A Vampire's Christmas Carol (11 page)

She rose and stepped back, preparing to go,
but stopped when he called her name.

“Carol?” His lips pressed together and his
face screwed up in pain. He spent a few minutes fighting it before
he could speak again. Then he said, “One…more favor?”

“What?”

“Can I have…your cross?”

“My cross? Won’t it hurt you?”

“Don’t think so. Not anymore.”

She stared at him for a moment, wondering if
this was some devious sort of trap. It wasn’t obvious how it could
be. She reached up and unclasped the chain. Rehooking it after
she’d taken it off, she bent down again and slipped it into his
hand, winding the chain around his fingers. She was ready to pull
it back if it caused him pain, but instead he closed his hand
around it.

He gave a small sigh and some of the tense
lines in his face relaxed. “No pain. Comfort.” He looked at the sky
for a second. She followed his gaze to where a soft pink glow lit
the horizon.

“Dawn,” he said. “Go now.” A spasm twisted
his body, jerking his arms and legs against the chains. It didn’t
appear to be blood lust this time, but pure, uncrazed agony.
“Please,” he begged, the word a thin, stretched wire of sound.

“God bless you.” She whirled, hurried to the
steps and rushed up them. Tears all but blinded her and caused her
to stumble on the second step. Steadying herself on the rail, she
made it up and into the kitchen. She shut the door and didn’t look
back. His death wasn’t going to be easy or pretty. She could at
least grant him the dignity of privacy.

As long as she lived, she’d never forget
Michael Carpenter.

She walked back through the house, feeling a
bit lost, uncertain what to do next. On impulse she lifted the
telephone handset. She almost dropped it again when the dial tone
buzzed. She began dialing, but stopped after nine and one.

“Find your hero,” he’d said. “He’s out
there.”

But he wasn’t. He was right behind her. In
the backyard. She’d never met anyone more courageous and heroic
than Michael Carpenter. She doubted she ever would.

She set the phone back on the hook.

It was dangerous. It was probably stupid. It
might be futile and useless and that would break her heart.

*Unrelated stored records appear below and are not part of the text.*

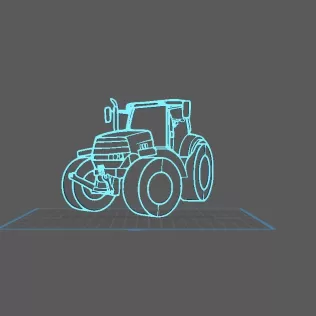 Tractor Case - IH Puma 2013 Wall Art
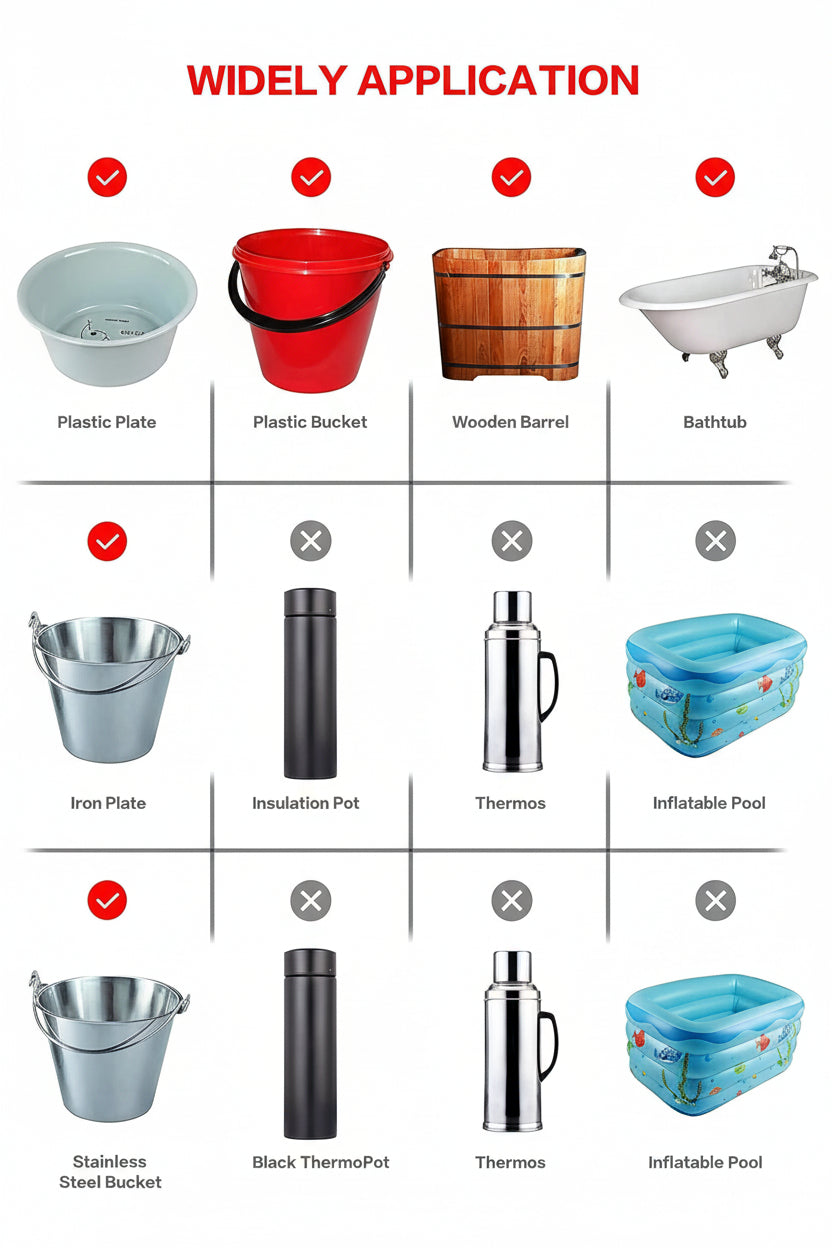 Water Heater Portable Electric Immersion Element Boiler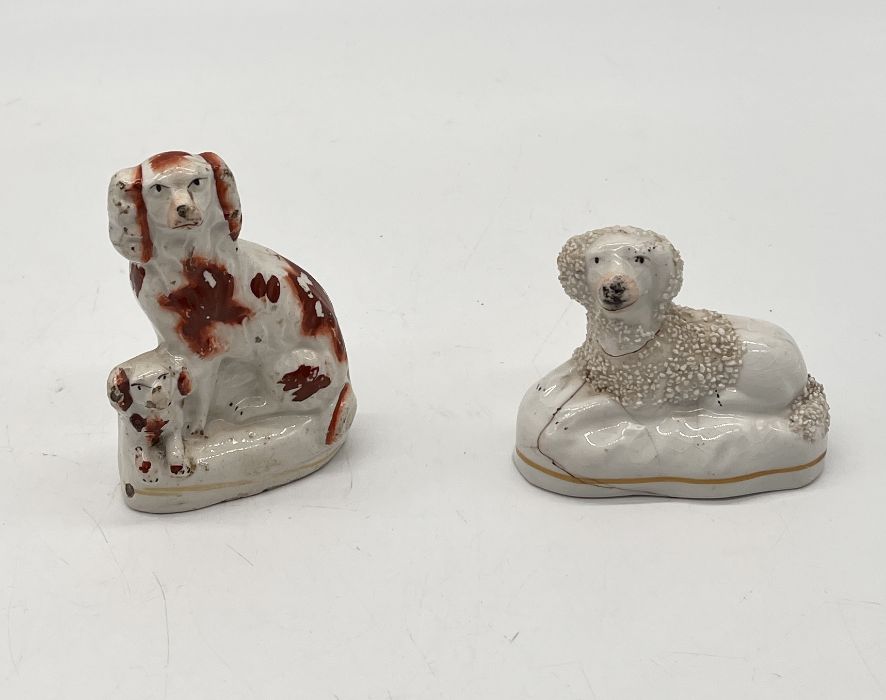 A collection of various china including two Staffordshire pottery greyhounds, a Staffordshire Poodle - Image 6 of 6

He’d asked her not to try to save him because
he didn’t want her risking her life. She had to respect that to the
point of asking seriously whether she should try it. At best, she
might save his life, give him back the years of real human life
he’d lost. She couldn’t give him back his family or his fiancée.
Maybe he could find new versions, though

At worst, she’d fail, he’d make her a vampire
and they’d both die in the sunlight. Not a happy prospect, that.
Because that was the one outcome he couldn’t stand, she’d have to
be sure she erred on the side of caution if she did this.

The most likely outcome, though, was that it
wouldn’t work and he’d just die. As he planned to anyway.

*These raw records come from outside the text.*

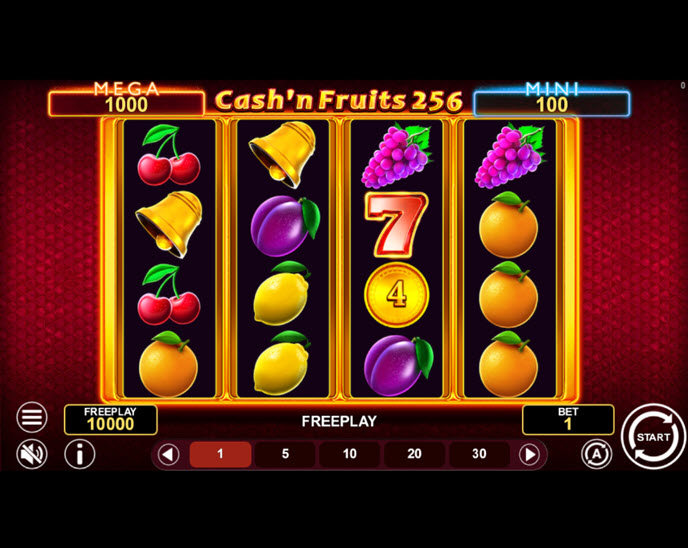 Cash'n Fruits 256 Hold & Win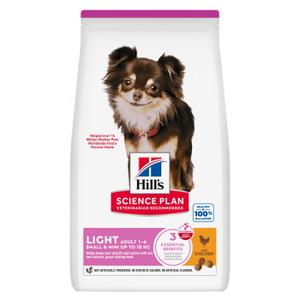 Hill's Science Plan karma sucha dla psów, Light, Small & Mini Adult, z kurczakiem 6 kg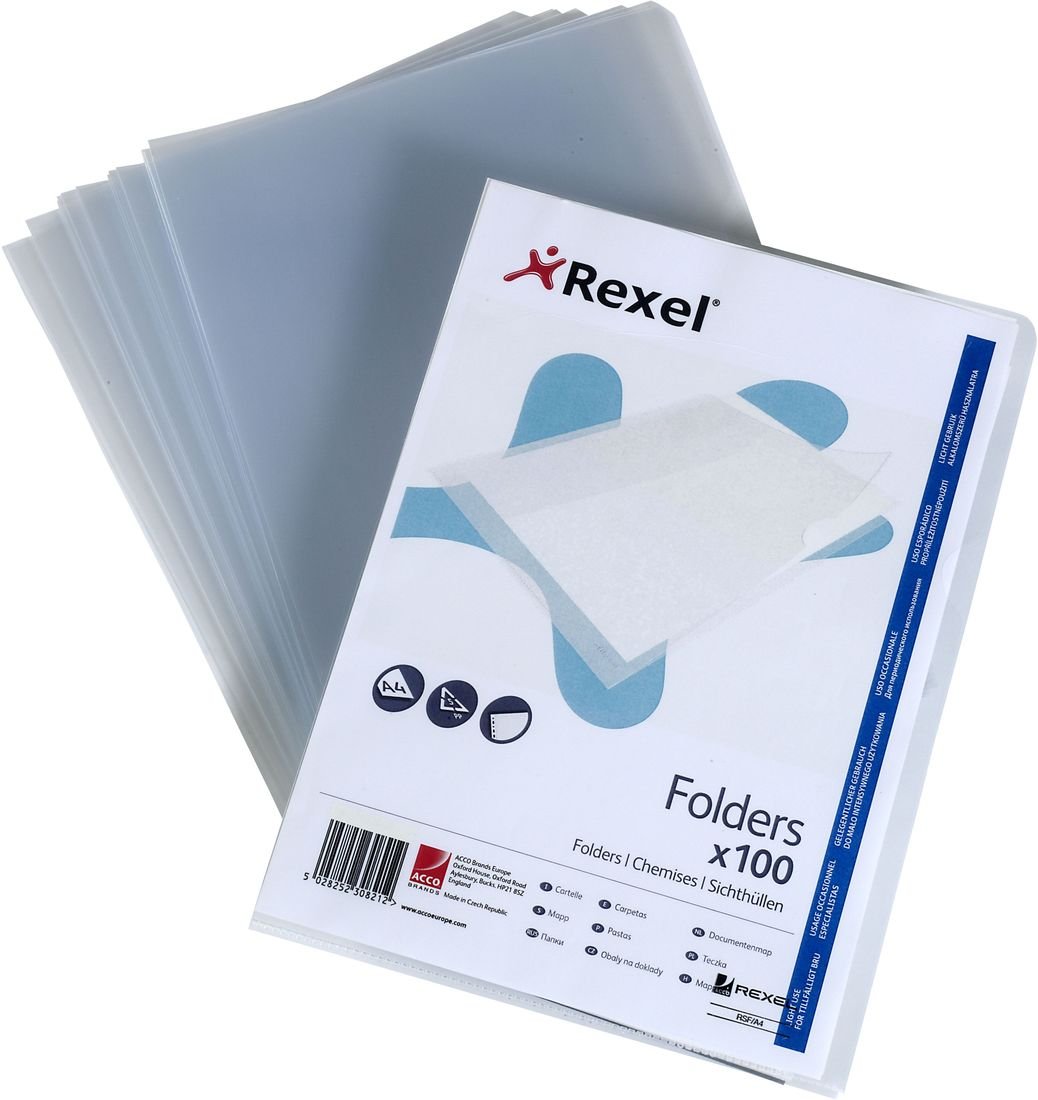 Rexel 12175, A4 Document Folder, Pack 100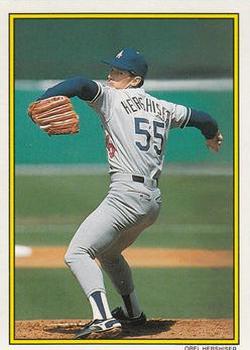 1989 Topps - 1989 All-Star Set Collector's Edition (Glossy Send-Ins) #48 Orel Hershiser Front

A glance at the window showed the sky
definitely growing lighter. If she was going to do this, she needed
to get started. She hurried into the living room and thumbed
through the several pages of notes she’d made earlier while Michael
told his story. Finally she found it and re-read the instructions
he’d given.

It wasn’t as specific as she would have
liked, and he’d taken pains to say no one was sure it would work.
It was just something he’d heard about.

The risk… She hesitated, considering the
dangers and how tricky the timing would be. Why should she even try
it? She owed him nothing. Yesterday this time, she hadn’t known he
existed. He’d done nothing for her… Okay, not quite true. He’d
given her shelter even though he expected it to make his fight to
stay human harder. He’d refrained from drinking her blood, at
considerable cost to himself. He’d saved her from Antoine’s
machinations.

Still, he’d told her not to try it.

But only because he didn’t want to endanger
her. He admitted he would have liked to have a normal life back,
that dying was his best option only because he didn’t believe any
other was possible.

“Go find your hero.”

She closed her eyes against the sting of
tears starting to flow again. Dammit. He did deserve better.

Drawing a deep breath, she calmed herself.
She’d need a knife. Not the one she’d used on Antoine. This one
couldn’t be tainted with vampire blood. Another trowel or shovel
too. God help her, this was going to be hard.

It hadn’t been easy to take care of Antoine
and this would be ten times worse.

Get going. Every second of delay diminished
the chances of success.

Carol went back to the kitchen and riffled
through several drawers before she found the knives. They all
looked sharp, but she selected two that had serrated edges as well
as wicked points. She got another shovel from the mud room.

Before she went back out, she shed the coat.
She’d be working hard enough to keep her warm.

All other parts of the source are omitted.